Legendary photographer Phil Stern is the man behind the lens for some of history’s most intimate portraits of Hollywood stars, including Marilyn Monroe, Sammy Davis Jr., James Dean and Elizabeth Taylor. But he doesn’t like to talk of his exploits. “You’re putting me in a position that’s bragging about myself,” he says.
On Sept. 3, Stern will let his photos do the bragging. That’s the day he turns 95. And he plans to donate 95 of his famous photos to the Veterans Home of California, where he lives. “Most of the walls here are bare, and my images may be an improvement,” he quips.

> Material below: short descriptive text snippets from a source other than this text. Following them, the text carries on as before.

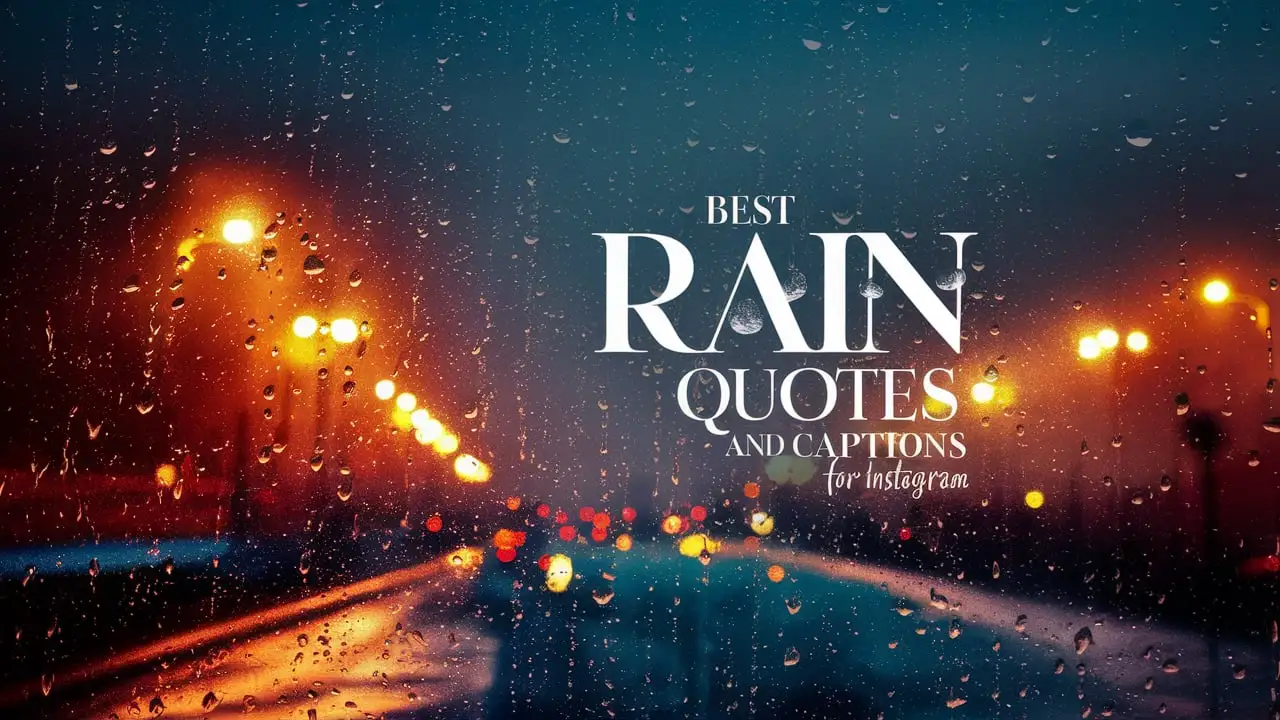 Best Rain Quotes and Captions for Instagram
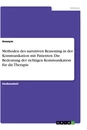 Title: Methoden des narrativen Reasoning in der Kommunikation mit Patienten. Die Bedeutung der richtigen Kommunikation für die Therapie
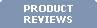 Product Reviews
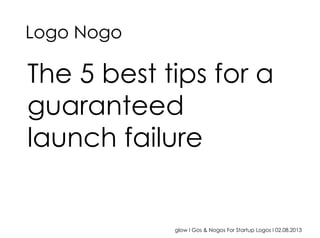 glow I Gos & Nogos For Startup Logos I 02.08.2013
The 5 best tips for a
guaranteed
launch failure
Logo Nogo
 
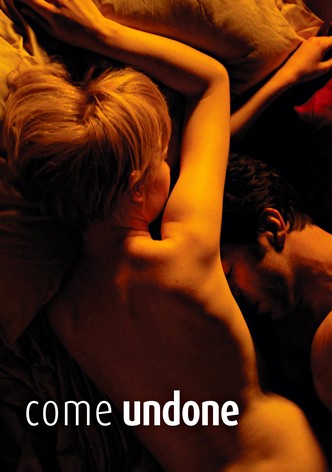 Come Undone poster
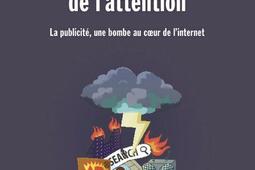 Le grand krach de l'attention : la publicité, une bombe au coeur de l'Internet.jpg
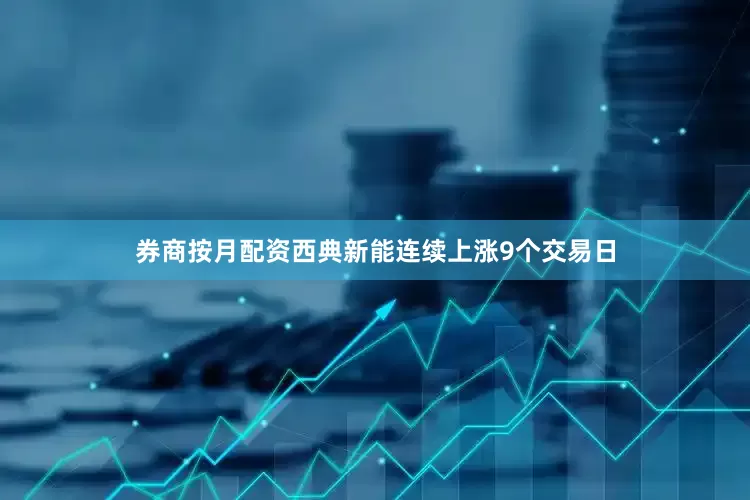券商按月配资西典新能连续上涨9个交易日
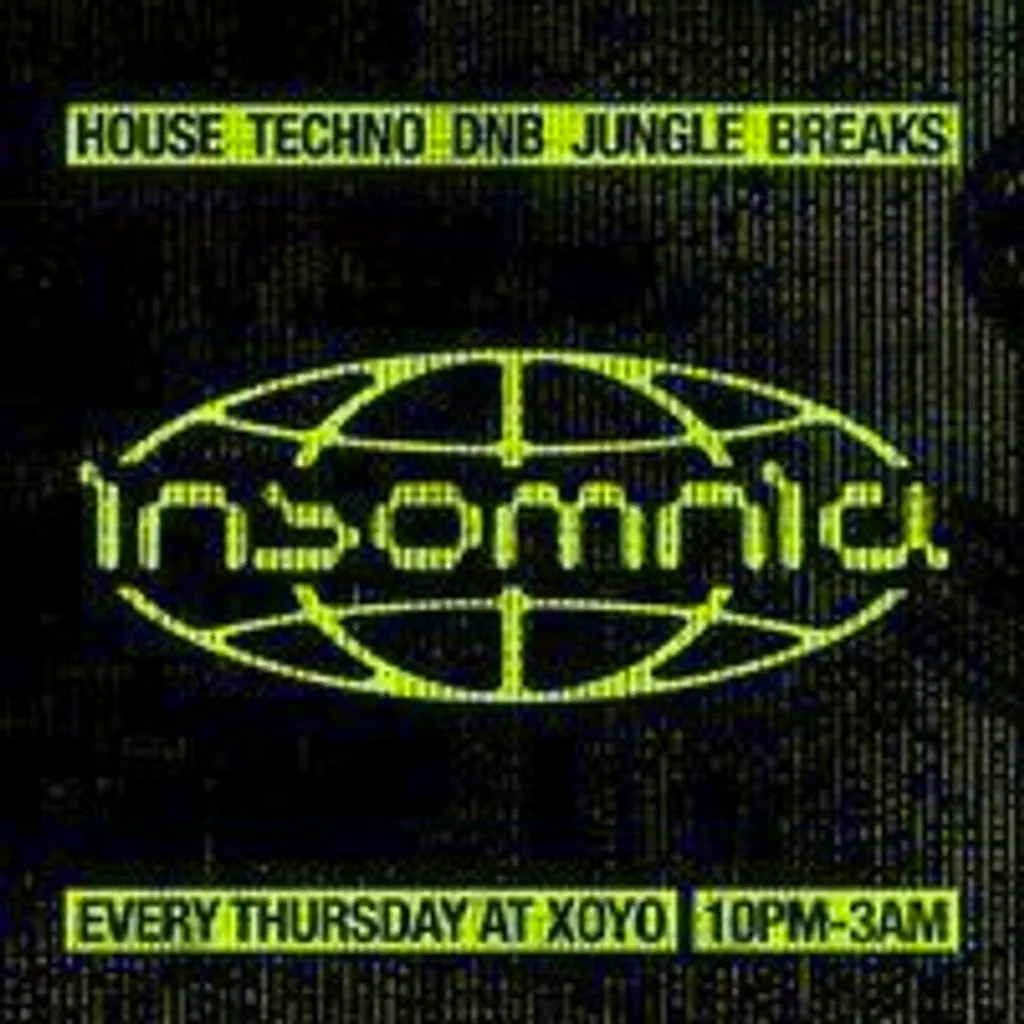 Insomnia London: House, Techno, Drum n Bass, Jungle, Breaks at XOYO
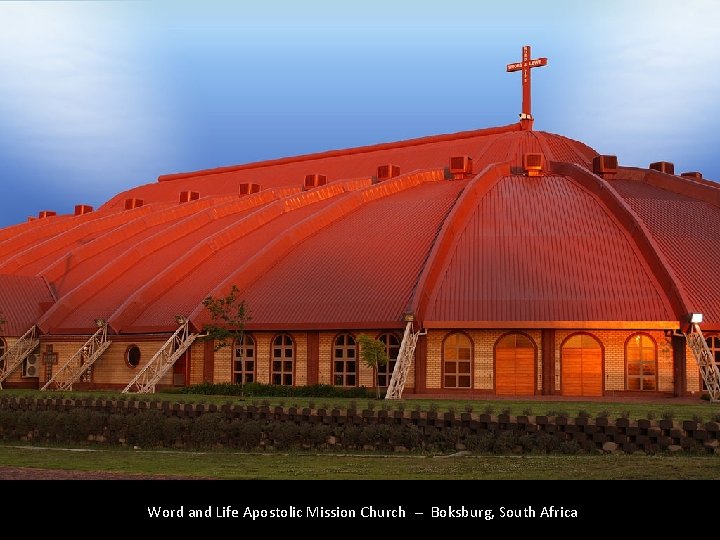 Word and Life Apostolic Mission Church -- Boksburg, South Africa 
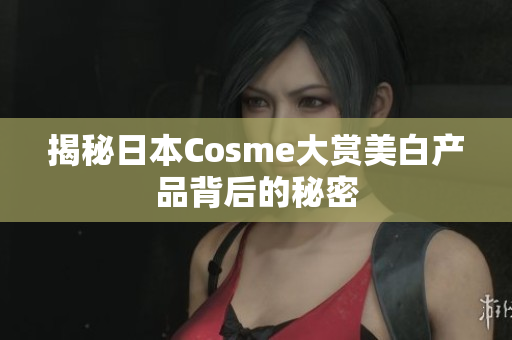 揭秘日本Cosme大赏美白产品背后的秘密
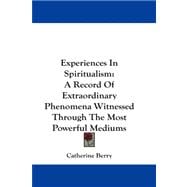 Experiences in Spiritualism : A Record of Extraordinary Phenomena Witnessed Through the Most Powerful Mediums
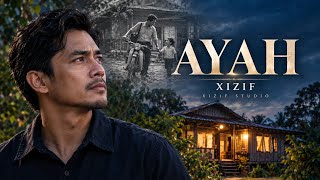 AYAH — XIZIF |  Lyric Video | Lagu Sedih Tentang Ayah & Rindu Yang Tak Kesampaian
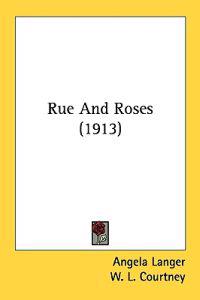 Rue And Roses (1913)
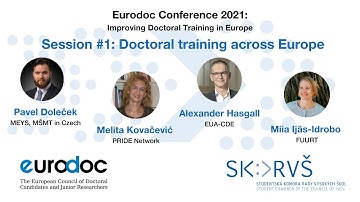 Eurodoc Conference 2021: Session #1: Doctoral Training across Europe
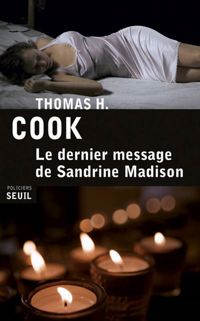 Couverture du livre Le Dernier Message de Sandrine Madison - Thomas H Cook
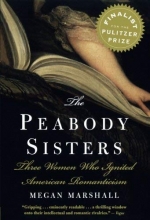 Cover art for The Peabody Sisters: Three Women Who Ignited American Romanticism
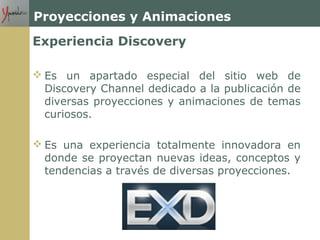 Proyecciones y Animaciones
Experiencia Discovery
 Es un apartado especial del sitio web de
Discovery Channel dedicado a la publicación de
diversas proyecciones y animaciones de temas
curiosos.
 Es una experiencia totalmente innovadora en
donde se proyectan nuevas ideas, conceptos y
tendencias a través de diversas proyecciones.
 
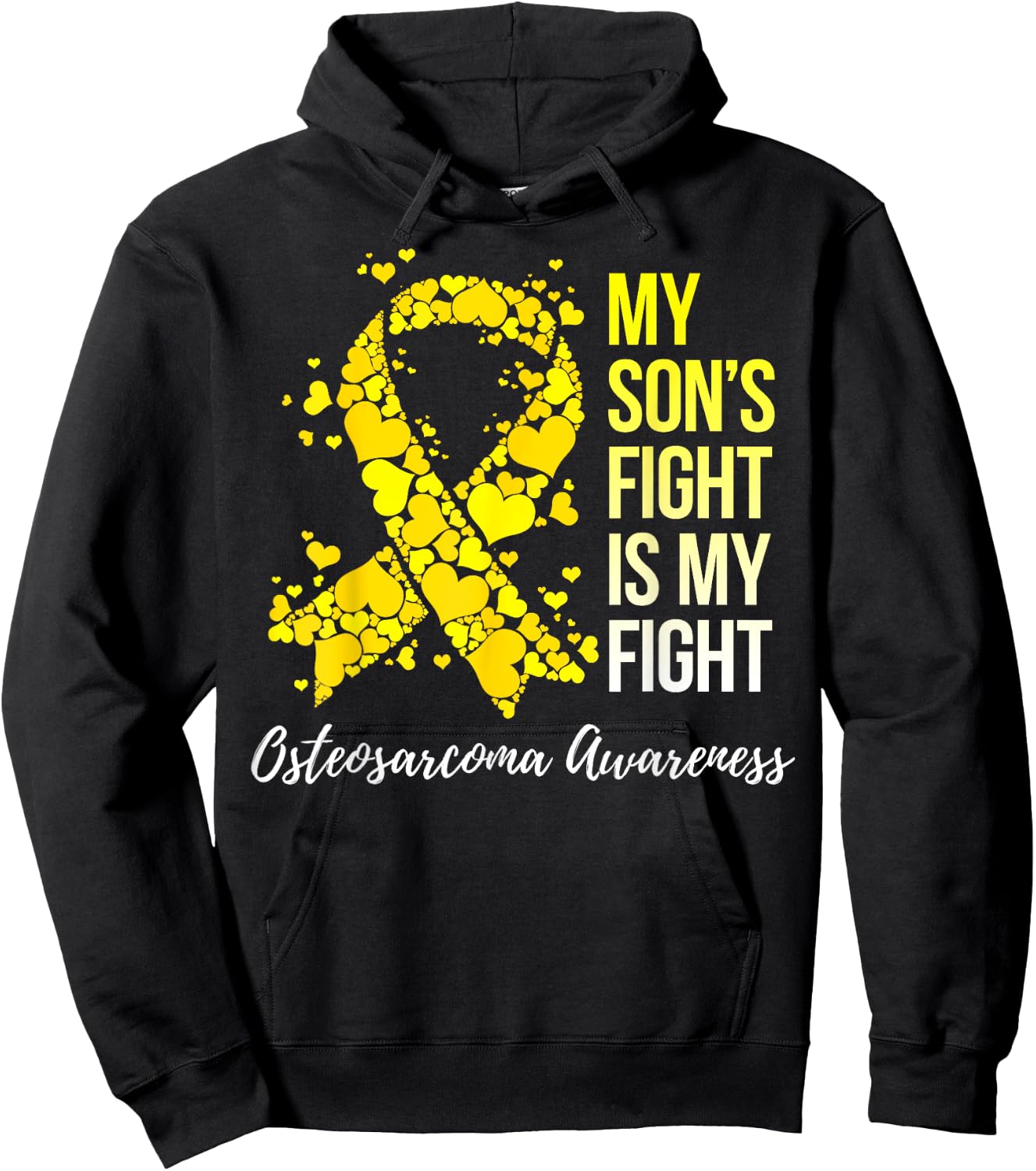 My Son’s Fight Is My Fight Osteosarcoma Awareness Hoodie - Hoodie | Black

As a teen, Stern had worked as an apprentice in a New York photo studio and as a local police photographer, but got his baptism of fire, quite literally, at age 21, when he became a combat photographer in Darby’s Rangers during World War II, after convincing Col. William O. Darby to allow him to join. Stern was decorated with a Purple Heart for his services. “There were a lot of very ugly things during the war — and a lot of very beautiful things,” he recalls. “I photographed everything.”
After the war, Stern contributed photo essays to Life magazine on postwar social rehabilitation. He also found himself in Hollywood, snapping shots of celebrities and working as a still cameraman on films such as “Guys and Dolls” and “Close Encounters of the Third Kind.”
One celebrity he didn’t photograph is the one he says he most wished he could have. “The one I most admired,” he explains, “Charlie Chaplin.”
These days, his shoots are easier to set up. He points to one of his most recent photos, and says with a smile, “This is Sadie, who’s 100 years old.”
He still wears a camera around his neck, though now he works with a digital model, and captures life around him from his wheelchair. “I call it shooting from the hip,” he says.